定年間近の公務員・富井省三が、妻と死別し二人の子供が独立した家へ帰ると、「鍵穴」が消えていた。家へ入れない?どうしよう。夜の街で“乙”と名乗る男に助けられホテルに泊まる。前半は幻想と現実の狭間で先の見えない不安の極みだ。今は空き家の鎌倉の伯父の家へたどり着いた省三が、亡き先祖に思いをめぐらせる後半への布石か?私の両親は先祖のことを話さなかった。両親の死後、初めて知ることが多くて驚いた。生まれてすぐ死んだ子供。戦死した若者。省三が先祖の故郷、佐久を訪ねる旅に自分を重ねていた。“乙”の正体にはニヤリだったね。

2023/10/29

阿部義彦

河出文庫新刊。2011年講談社、14年に新潮文庫から出たのの再文庫化です。絲山秋子さん売れないからなのか新潮社からも見放されて、それを再文庫化してくれるのが河出なのですよね、流石、坂本龍一の父親の居た会社です。小説読んだの久しぶりかも、絲山さんの小説は確かに読者を選ぶかも。私は筒井さんの「夢乃木坂分岐」に似てると思いました。サイコドラマの様、現実的整合性など二の次、主人公の省三のご先祖を巡る心の旅、だけど単なるオカルトには終わらない冒険譚。斎藤美奈子さんの解説も良い。久々に物語を堪能しました。

2023/09/21

くるみみ

検索すると新潮文庫が出てくるけど講談社、新潮社からの河出文庫で再文庫化と巻末にある。再文庫化の定義は知らないけど年を重ねた人ほど味わい深いお話だと思う。裏表紙のあらすじ通りの展開で、主人公58歳の省三の描写が自宅の鍵穴が無くなって家に入れなくなってもしゃあないわと思えるような絵に描いたようなオッサンだった。それがどんどん変わって本来の自分を取り戻していく様が良かった。そのきっかけがファンタジーのような出来事なところがまた良い。絲山作品は何冊も読んでるけれどこの作品で好きな作家さんだ!となぜか思えた。

2024/02/04

ほんどてん

「鍵穴はどこにもなかった」という一文から始まります。鍵じゃないの?鍵穴がないの?主人公は定年退職が近い男性。帯は「さまよえる男たちに贈る...」読み手が限られそうですが、そんなことは無く、ストーリーも文章も風景も、何もかも素敵な物語でした。
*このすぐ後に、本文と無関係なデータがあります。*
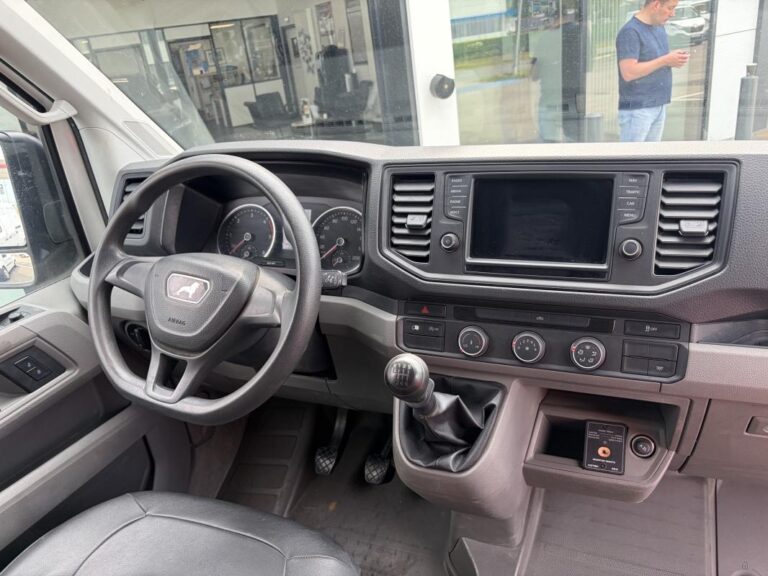MAN TGE 2.0 TDI 180CH - Image 03 (July 7, 2026)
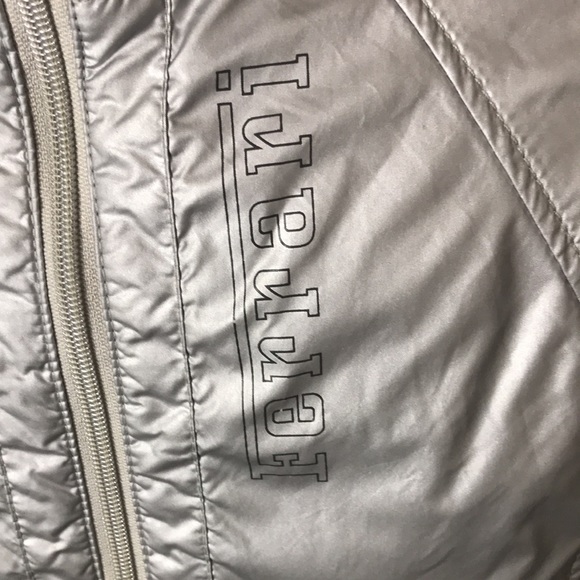 Ferrari Puma women's limited edition silver jacket Sz  large - Picture 5 of 16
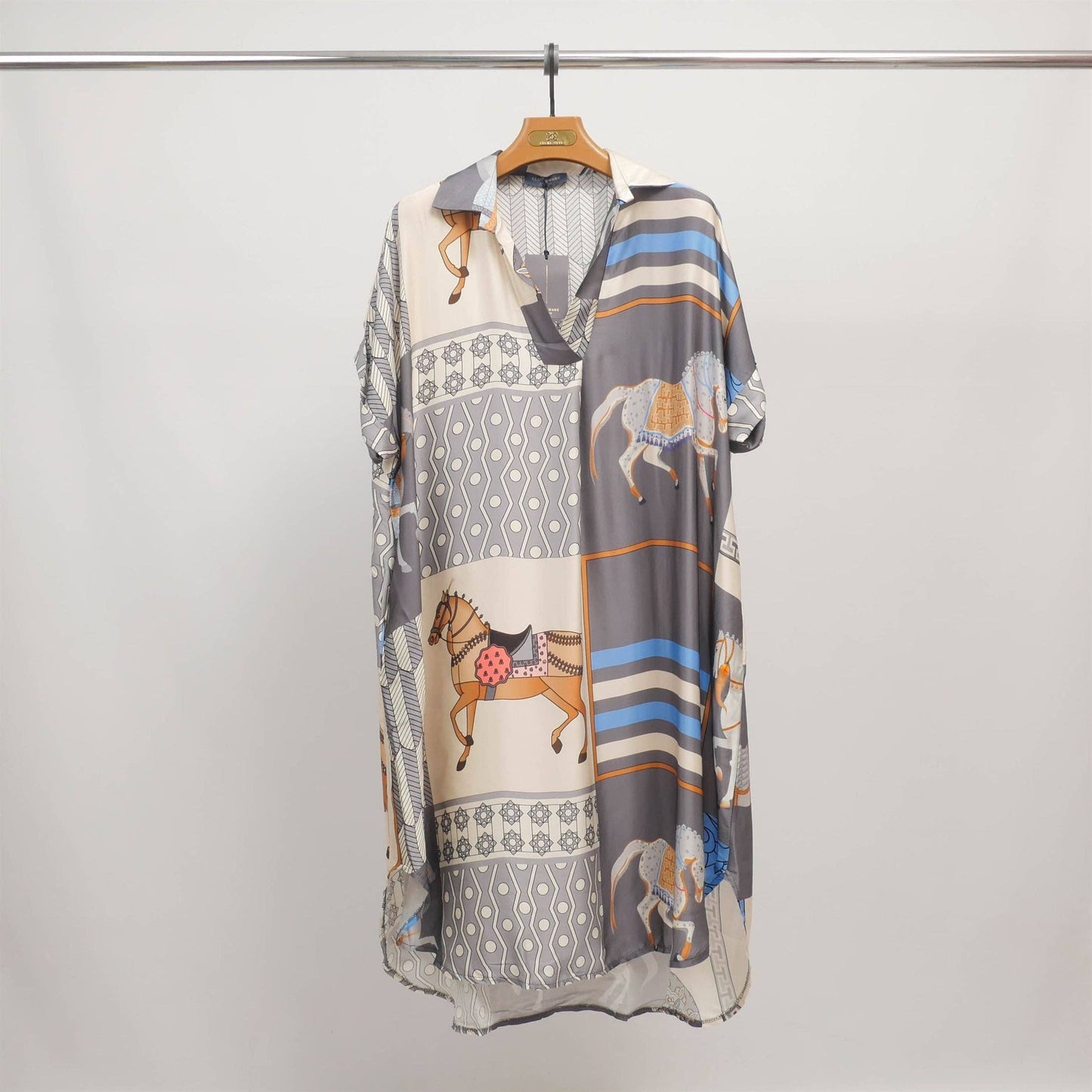 Robe imprimée chevaux en viscose soie  KD6917VS-20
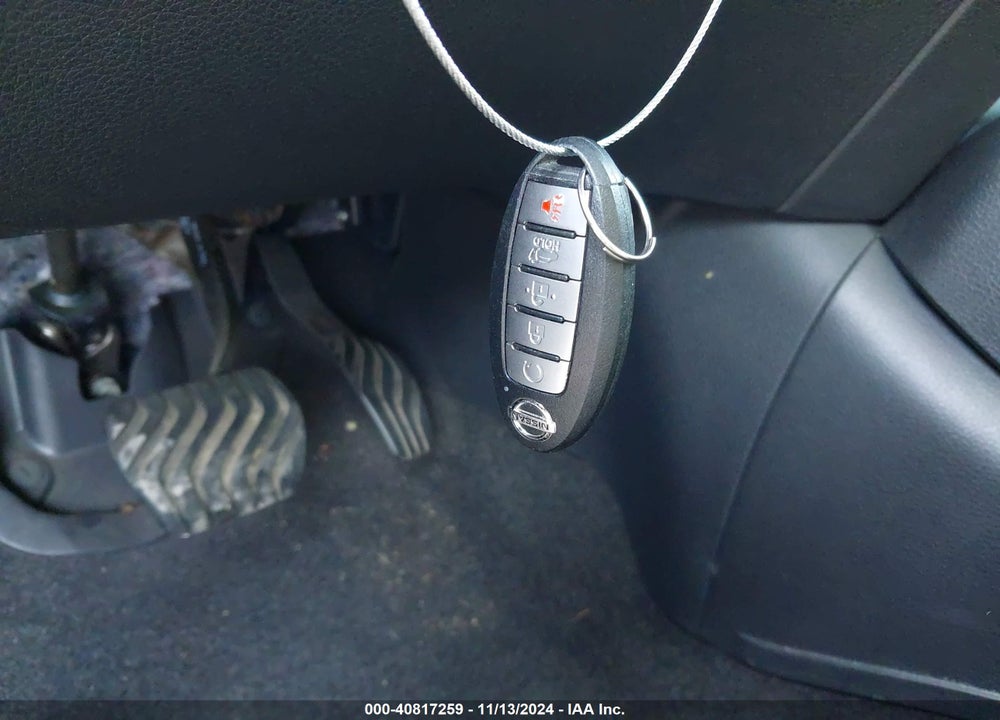 2019 NISSAN ROGUE SV VIN: 5N1AT2MTXKC823804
きらきらした物語やスリルある物語とは違う、大騒ぎをしない落ち着いた物語の面白さに引き込まれました。著者がデビュー20年ということで、今年は様々な物語や特集を追いかけられる、とても嬉しい年になりました。本作も再文庫化ということで読書中はとても幸せな気持ちで読んでいました。

2023/09/19

バナナカプチーノ

絲山さんの描く中年男が本当に絶妙で、読んでいくうちにこの省三をなんだか応援したくなっていく感じでした。摩訶不思議な世界観はなんとなく村上春樹さんみもあり。河出文庫から出る絲山さんのシリーズ、好きです。しみじみと味わい深いですよね。